December 21, 2014 - 2:03 am
Utah came out so strong, scoring three touchdowns in its first 10 plays, that it looked as if the Utes would be able move at will all Saturday afternoon.
They didn’t, but that blazing start set the tone.
The 23rd-ranked Utes built on that opening quarter and showed they were the better team, blowing out Colorado State 45-10 to win the Las Vegas Bowl.
This was the second-largest rout in the bowl’s history, surpassed only by the 55-14 drubbing by Oregon State of New Mexico in 2003.
“We got beat by a better team today,” Colorado State interim coach Dave Baldwin said. “They were more physical than us. I think they were faster than us. We didn’t execute the way we wanted; perhaps they took that (away). They’re a really good football team, and we knew they were, and they took it to us.”
This was the second year in a row the Pac-12 team dominated its Mountain West opponent in this game. Southern California jumped to a 35-6 halftime lead over Fresno State last year and went on to win 45-20.
Utah (9-4) didn’t even need the full 30 minutes of a half to grab control against Colorado State (10-3).
The Utes took a 21-7 lead just 9:30 into the game on an 8-yard touchdown run by quarterback Travis Wilson, a 16-yard TD pass from Wilson to Delshawn McClellon and a 60-yard scoring run by Devontae Booker.
Though Utah didn’t match that offensive prowess the rest of the game, the Utes never allowed the Rams to get within single digits.
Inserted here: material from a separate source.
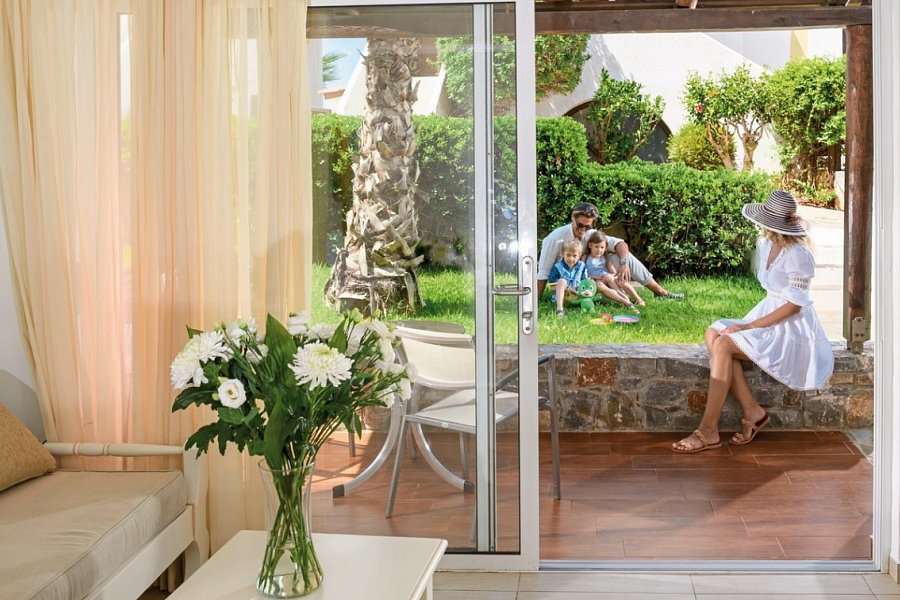 Alexander Beach Hotel & Village Resort - Wohnbeispiel Familienzimmer Gartenblick (Zimmercodierung FBG)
Colorado State’s best chance to make a game of it came early in the third quarter when Rashard Higgins, who made seven receptions for 110 yards, dropped a pass deep in Utes territory that would’ve resulted in at least a first down and maybe a touchdown. A touchdown would’ve brought the Rams within 24-17, but they wound up with zero points when Jared Roberts hooked a 44-yard field goal badly to the left.
Utah’s Wilson was named the game’s Most Valuable Player after passing for a touchdown and rushing for three. He completed 17 of 26 passes for 158 yards, and gained 91 yards on 11 carries.
“A lot of the runs, I was able to read it, and depending on what I saw, I made my decision,” Wilson said. “The offensive line did a great job of blocking, and having Booker running well, too, definitely set me up for some good runs.”
Booker led Utah with 162 yards on 26 rushes, and the Utes totaled 548 yards of offense, including a Las Vegas Bowl-record 359 on the ground. The previous mark also was set by Utah, which ran for 334 yards against Fresno State in 1999.
Colorado State’s usual high-powered offense didn’t come close to that production, gaining only 12 yards rushing. Dee Hart, an Alabama transfer who entered the game with 1,254 yards rushing, gained only 21 on seven carries.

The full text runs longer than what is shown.